Book Review

In the natural world, species evolve . . . or they die. The same genetic imperative operates in business.

This observation opens Charles H. Fine’s Clockspeed: Winning Industry Control in the Age of Temporary Advantage, which combines a metaphoric analysis of changing business climates with suggestions for survival. “Clockspeed” is Fine’s term for the rate of industrial evolution. “Clockspeed is to business genetics what life cycles are to human genetics,” he explains.

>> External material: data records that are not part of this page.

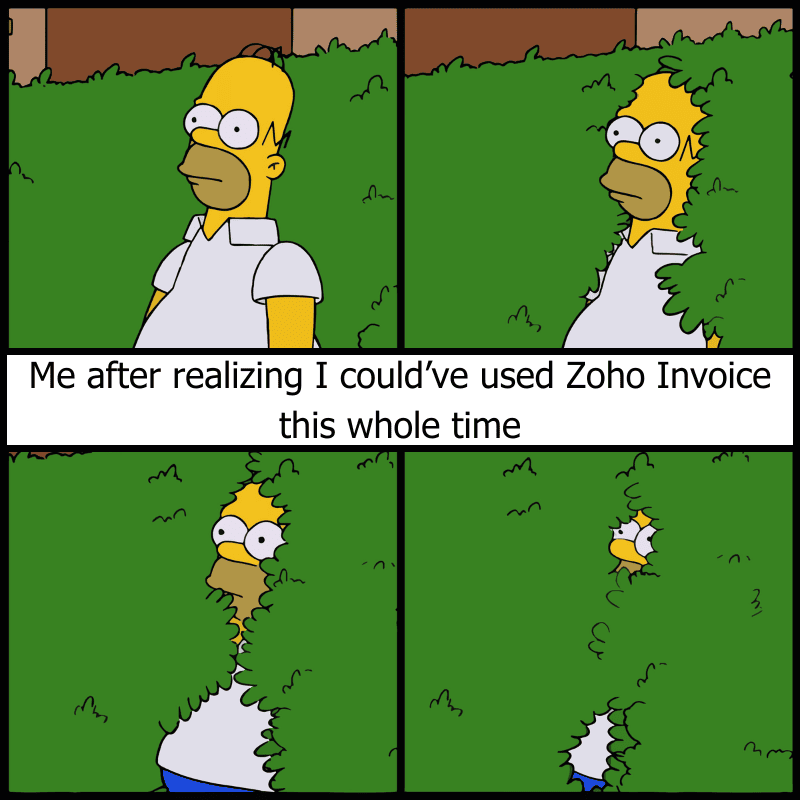 Zoho Invoice: 3 Free Tools to Help You Look Pro and Get Paid Fast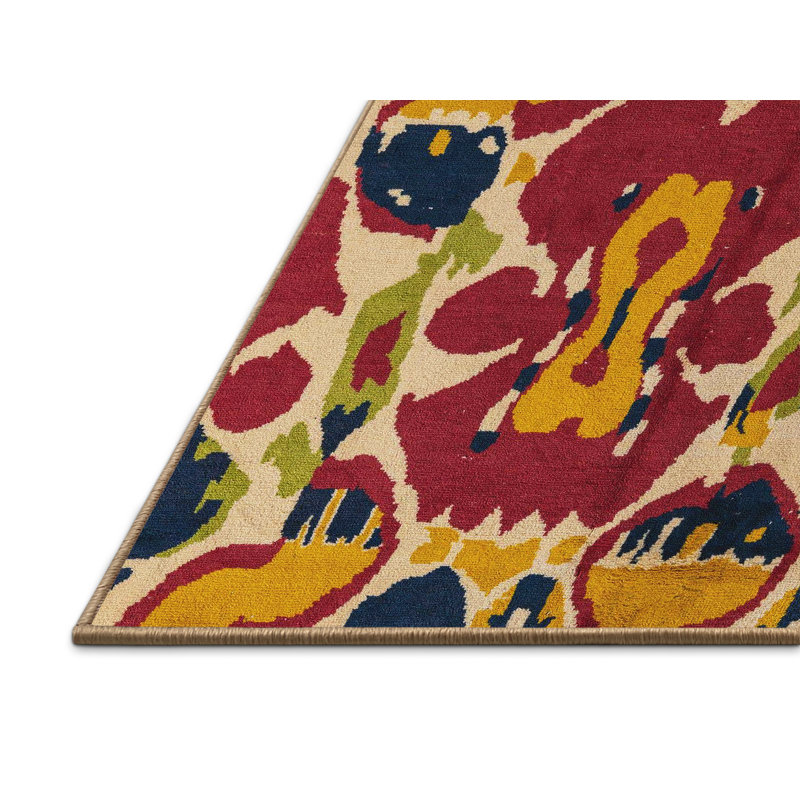Tapis abstrait moderne 4553, Rectangle 8 pi x 12 pi
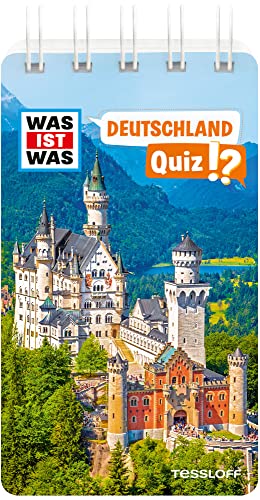 9783788677732: WAS IST WAS Quiz Deutschland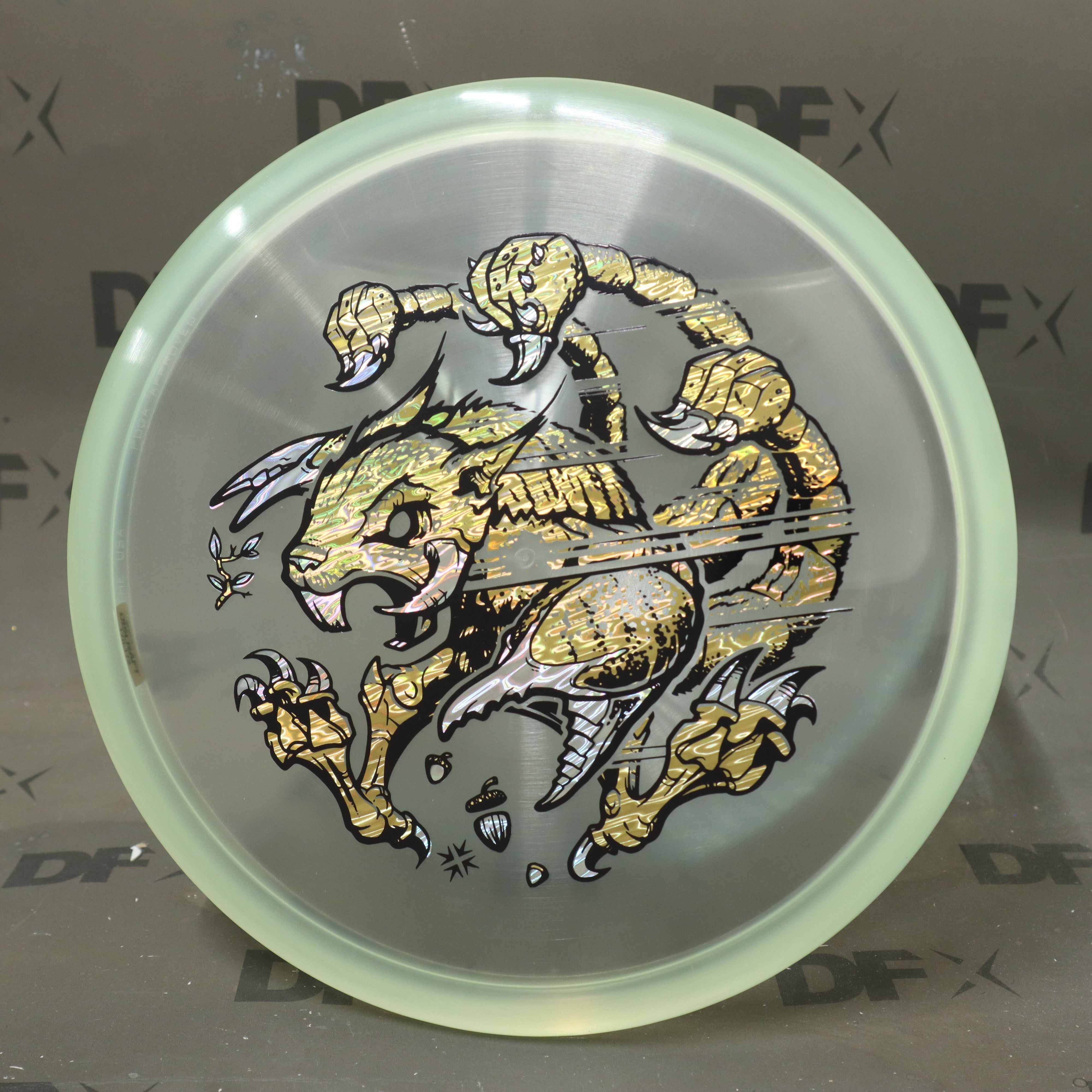 Discraft Z Zone - Squirrpion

Fine, professor of management and director of the Technology Supply Chain Research Project at MIT’s Sloan School of Management, found inspiration for his book in that genetics-lab hero, the fruit fly. Because many fruit fly generations pass in a short time span, it has been our master teacher in the field of genetics. If we could just identify industrial equivalents to the fruit fly, Fine thought, we could gain comparable insights into the ‘genetic’ changes in business – that is, what would happen over ‘generations’.

Fine’s metaphor – the dynamics of genetics and evolution hold true in business as they do in biology – works on many levels. Supply chains, for example, he likens to the protein chains of DNA. “By examining the ‘molecular’ structure of companies – their capability chains – business genetics helps us understand their mutation, evolution and eventual survival or demise,” he writes. For example, Chrysler Corp. undertook an in-depth study of its own value chain in the early 1990s. Beginning with the Jeep Grand Cherokee, it stepped up the chain, evaluating the source of the Jeep’s engine, its roller-lifter valve, the valve’s precision-machined metal castings and the casting clay used in the foundry. Chrysler was shocked to find that the supplier of this last crucial element was about to quit manufacturing casting clay and start making kitty litter instead! This evaluation of ‘molecular structure’ revealed what lay in Chrysler’s future, much the way genetic testing can inform a person of a potential health threat.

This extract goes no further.